Furthermore, the times from ART initiation to viral suppression to < 200 copies/mL and to < 50 copies/mL were shorter in RSA patients than in non-RSA patients (p < 0.001). In the study group, 36 (80.0%) participants achieved virologic suppression in 30 days or less from ART initiation. All participants who achieved virologic suppression while on study did so in less than 6 months (maximum 163 days) from ART initiation.

Twenty-nine (64.4%) participants were still engaged in study at 48 weeks. Nine participants left the study before 48 weeks because they transferred care (7) or changed regimens (2). Seven (15.5%) participants were considered lost to care at 48 weeks because they did not present for the final study visit. The median treatment adherence was 93.4% (interquartile range 76.5 − 99.4%), based on pharmacy dispense data.

All enrolled participants started ART the same day as their first appointment. Twenty-seven participants completed the end of study questionnaire. Participant responses regarding how they felt starting ART immediately after their diagnosis were reviewed and several common themes were identified. The first and most common theme was general positivity, defined by feeling happy, good, supported, or relieved at starting ART. The second theme was an expressed readiness to start or not wanting to “waste time” before starting medication. The third theme was a sense of responsibility, which was often defined by the participant feeling ART initiation was the right thing to do for their health. Lastly, some participants expressed being overwhelmed by the diagnosis, but trusted the provider’s advice to start medication.

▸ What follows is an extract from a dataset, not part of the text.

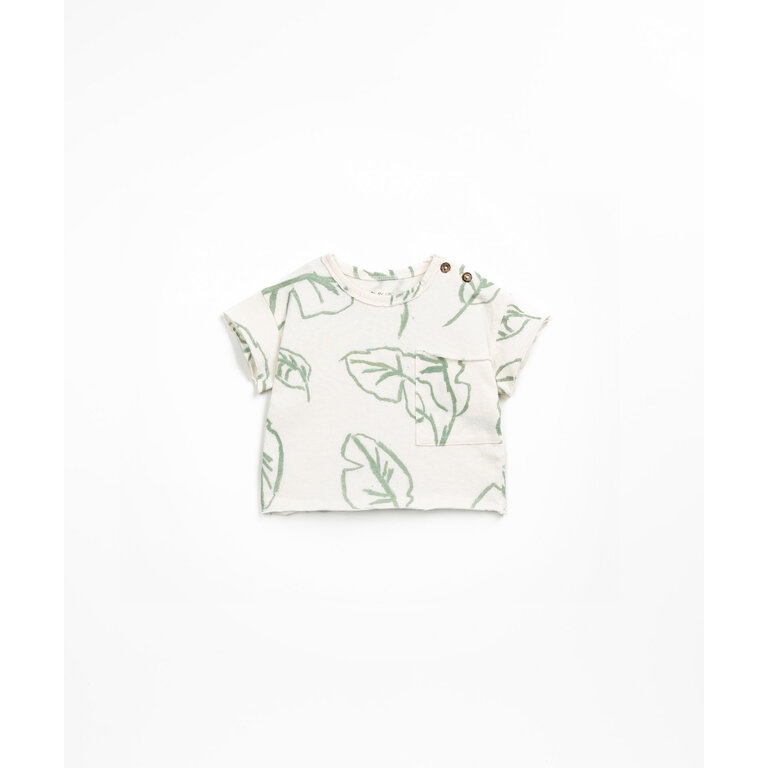 PLAY UP PLAY UP T-shirt jongen Gres met print (beige)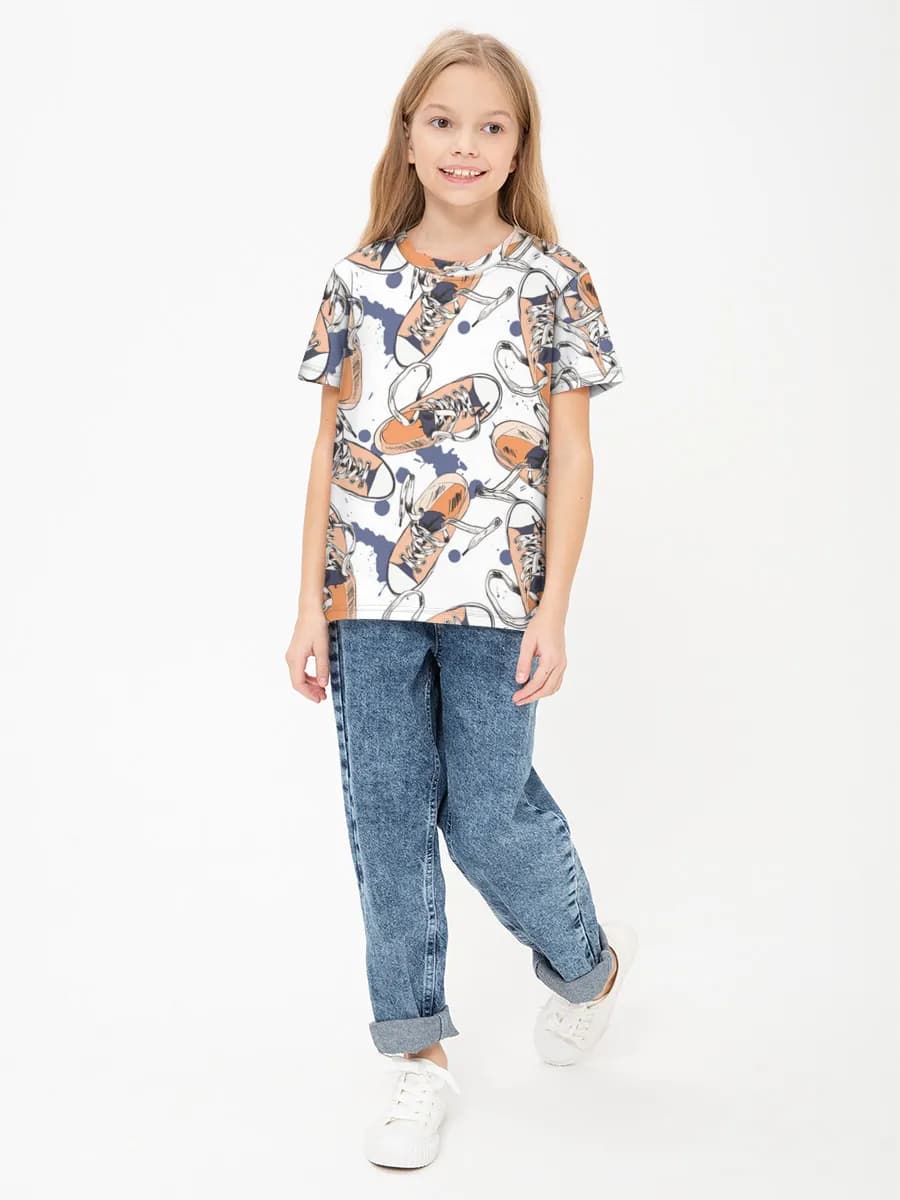 Children's cotton T-shirt (for girls. Copy)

When asked how we could improve the rapid start process, the majority (21) of participants had no suggestions. Three participants suggested we have fewer team members at the first appointment.

Of the 27 participants who completed the end of study questionnaire, 17 (62.9%) identified at least one barrier to care they experienced over the course of the study. The median number of barriers identified was 2 per participant. The most common barrier to care was lack of stable transportation (Table 4).

In March 2020, the COVID-19 pandemic significantly changed operations at the clinical site. The study protocol was amended to allow for virtual visits and delayed laboratory results. Study appointments transitioned from clinic visits to a majority telemedicine appointments, and participants without phones were given a phone through our Care Management program to complete their appointments. Participants were initially encouraged to delay completing bloodwork due to risk of exposure to COVID-19, but were able to complete STI testing via at home test kits that included self-swabs and a prepaid return envelope. Trillium provided free pharmacy delivery to the patients’ homes or location of their choosing. Patients who were homeless or unstably housed could pick up their medication “curbside,” with no direct contact.